Rosa frequentemente era interrompida em mesas de bares. Ela dizia algo e logo lhe interpelavam, como se o que viesse a dizer fosse insignificante para a discussão posta em mesa. Rosa sentia raiva, quase que por impulso seria capaz de puxar a toalha de mesa e mandar para o brejo todas aquelas palavras de homens medrosos.
Rosa achava estranho ter peitos fartos para um corpo tão miúdo, achava estranho se diferenciar de tantas outras e outros por ter verdades a dizer, quando a superficialidade cabia melhor àquela cultura provinciana que, inevitavelmente fazia parte. Mas a verdade lhe era um vício, um bem maior que lhe determinava a proferir frases em desordem.

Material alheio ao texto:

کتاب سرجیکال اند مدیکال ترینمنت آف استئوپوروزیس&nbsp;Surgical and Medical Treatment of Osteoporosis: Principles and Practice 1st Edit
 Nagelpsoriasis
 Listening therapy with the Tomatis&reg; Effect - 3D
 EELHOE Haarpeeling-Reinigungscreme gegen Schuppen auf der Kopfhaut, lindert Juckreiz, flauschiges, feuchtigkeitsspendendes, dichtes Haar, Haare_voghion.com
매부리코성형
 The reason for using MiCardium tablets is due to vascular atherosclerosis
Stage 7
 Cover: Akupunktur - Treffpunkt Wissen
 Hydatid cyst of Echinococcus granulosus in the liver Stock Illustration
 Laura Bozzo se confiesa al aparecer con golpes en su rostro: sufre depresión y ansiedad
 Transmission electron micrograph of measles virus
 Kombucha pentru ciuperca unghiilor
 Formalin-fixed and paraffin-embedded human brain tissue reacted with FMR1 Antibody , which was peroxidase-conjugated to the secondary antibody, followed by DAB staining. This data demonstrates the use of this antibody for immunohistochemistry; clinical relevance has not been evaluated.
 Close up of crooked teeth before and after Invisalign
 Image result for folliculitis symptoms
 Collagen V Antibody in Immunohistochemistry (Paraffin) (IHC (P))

Tanta gente lhe julgava... Dizia toda esta gente que suas pétalas não eram assim tão brilhantes, que eram cheias de fragilidade, que o vermelho escarlate que acentuava seus lábios carnudos lhe fazia imediatamente de fácil acesso.
Cresceu de tal modo, sentindo-se culpada pela sua imensidão física e mental, que não obstante destoava deste mundo patriarcal, habitado majoritariamente por homens covardes, que cobiçavam apenas possuir a imensidão de Rosa numa cama qualquer.
Os pensamentos de Rosa se faziam atraentes da primeira taça de vinho à segunda, da terceira em diante o que se era atrativo estava escondido sobre vestes não muito decorosas e cheias de fantasia. Mas Rosa era muito mais e tinha consciência disto.
Rosa ansiava usar roupas largas e que pouco denunciassem o que estava sobreposto à elas. Rosa queria engolir o próprio talo e deixar com que os outros engolissem de boa fé as raízes de seus pensamentos. Ela percebia a cada dia que se tornava mulher, posto que não se era mulher desde o primeiro suspiro, como lhe definiu Simone de Beauvoir no Segundo Sexo.
Ela se via cada vez mais pronta a escutar outras mulheres e a não prosseguir na busca insaciável de encontrar outros sexos que lhe dessem voz. Atentava-se cada vez mais para com os ecos das vozes de mulheres que eram agredidas em casas pequeninas e também em casas gloriosas. Vozes estas que lhe assustavam no calar da noite, fazendo-lhe criar um espaço mental para as preces sofridas de tantas Madalenas.
Percebeu que sua voz tinha um papel importantíssimo na revolução do agora, ela não podia mais se calar, apesar das vozes masculinas tentarem “educadamente” lhe pedir a vez. A vez era sua!
Cansou-se do cavalheirismo abstrato, dos diálogos com objetivos profanos. Cansou-se de se deixar moldar, o seu molde era agora o que sonhava a partir de si mesma, de sua evolução feminina e eterna.